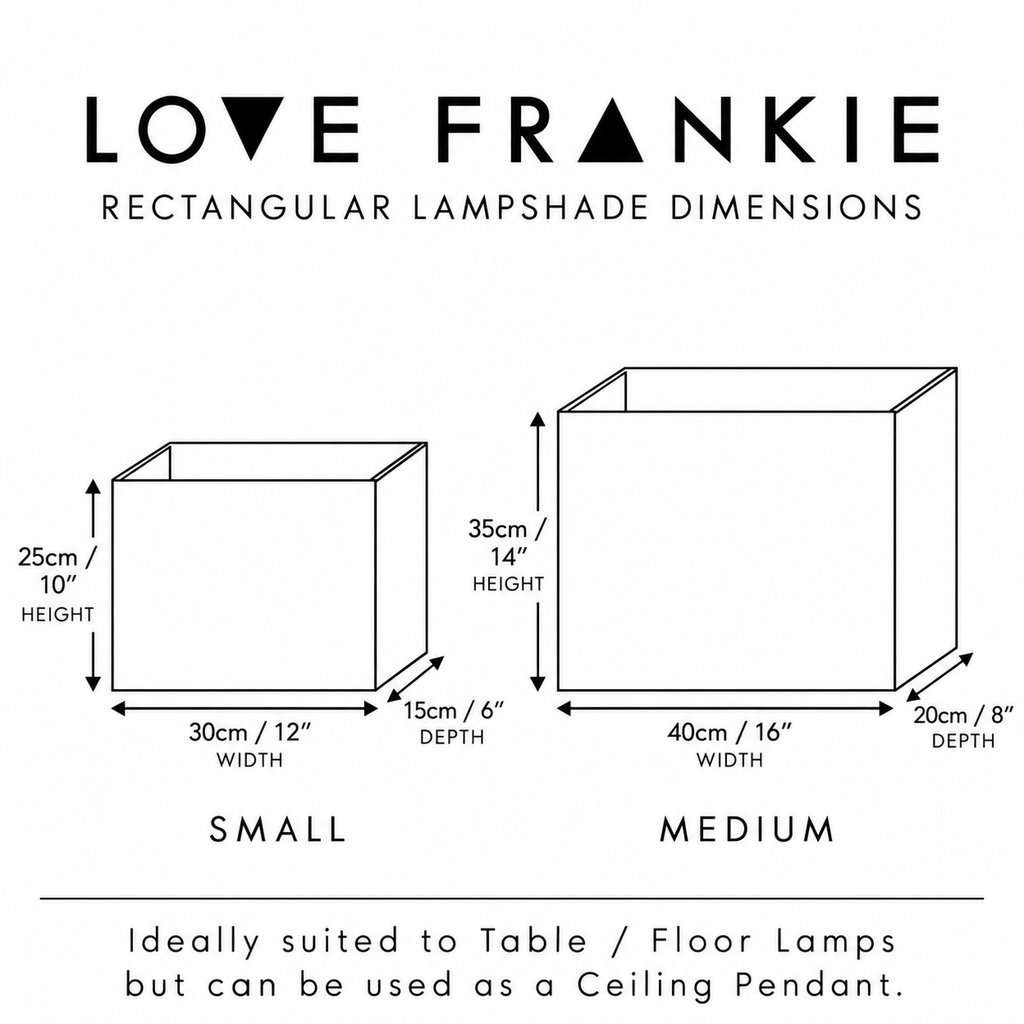 Love Frankie rectangular lampshade dimensions showing small and medium sizes with width, depth and height measurements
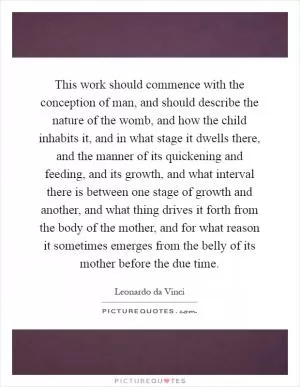 This work should commence with the conception of man, and should describe the nature of the womb, and how the child inhabits it, and in what stage it dwells there, and the manner of its quickening and feeding, and its growth, and what interval there is between one stage of growth and another, and what thing drives it forth from the body of the mother, and for what reason it sometimes emerges from the belly of its mother before the due time Picture Quote #1
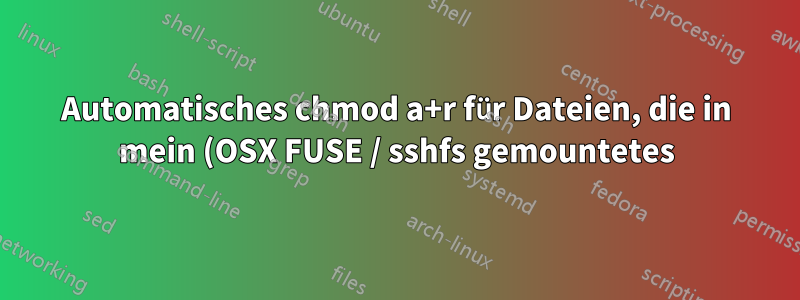 Automatisches chmod a+r für Dateien, die in mein (OSX FUSE / sshfs gemountetes) VFS kopiert wurden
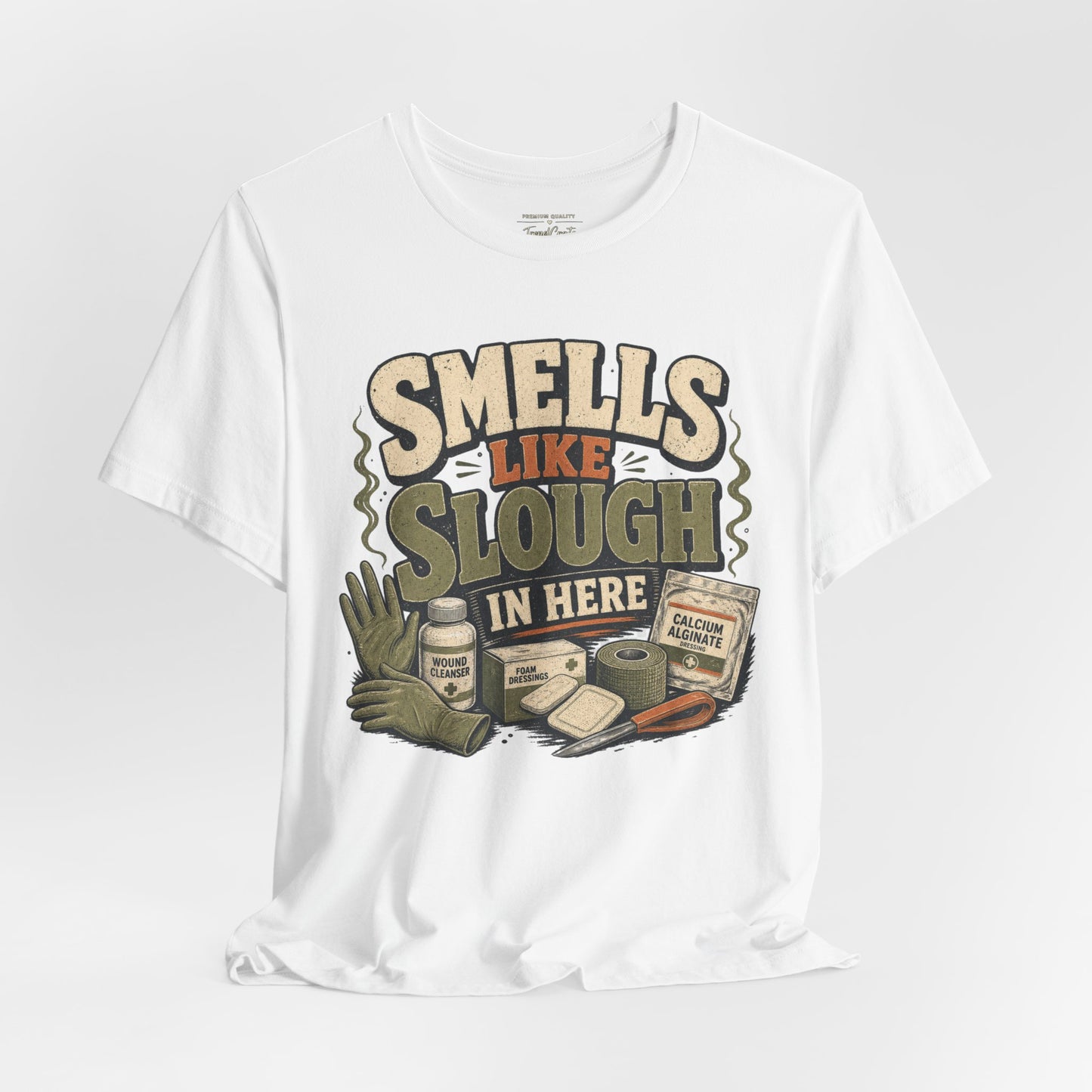 Smells Like Slough in Here Tee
+===+
• **Exercise instructions**: Word-for-word output of the material above is needed, with the pictures left out.

• **Your solution**:
 Love Frankie rectangular lampshade dimensions showing small and medium sizes with width, depth and height measurements
 This work should commence with the conception of man, and should describe the nature of the womb, and how the child inhabits it, and in what stage it dwells there, and the manner of its quickening and feeding, and its growth, and what interval there is between one stage of growth and another, and what thing drives it forth from the body of the mother, and for what reason it sometimes emerges from the belly of its mother before the due time Picture Quote #1
 Automatisches chmod a+r für Dateien, die in mein (OSX FUSE / sshfs gemountetes) VFS kopiert wurden
 Smells Like Slough in Here Tee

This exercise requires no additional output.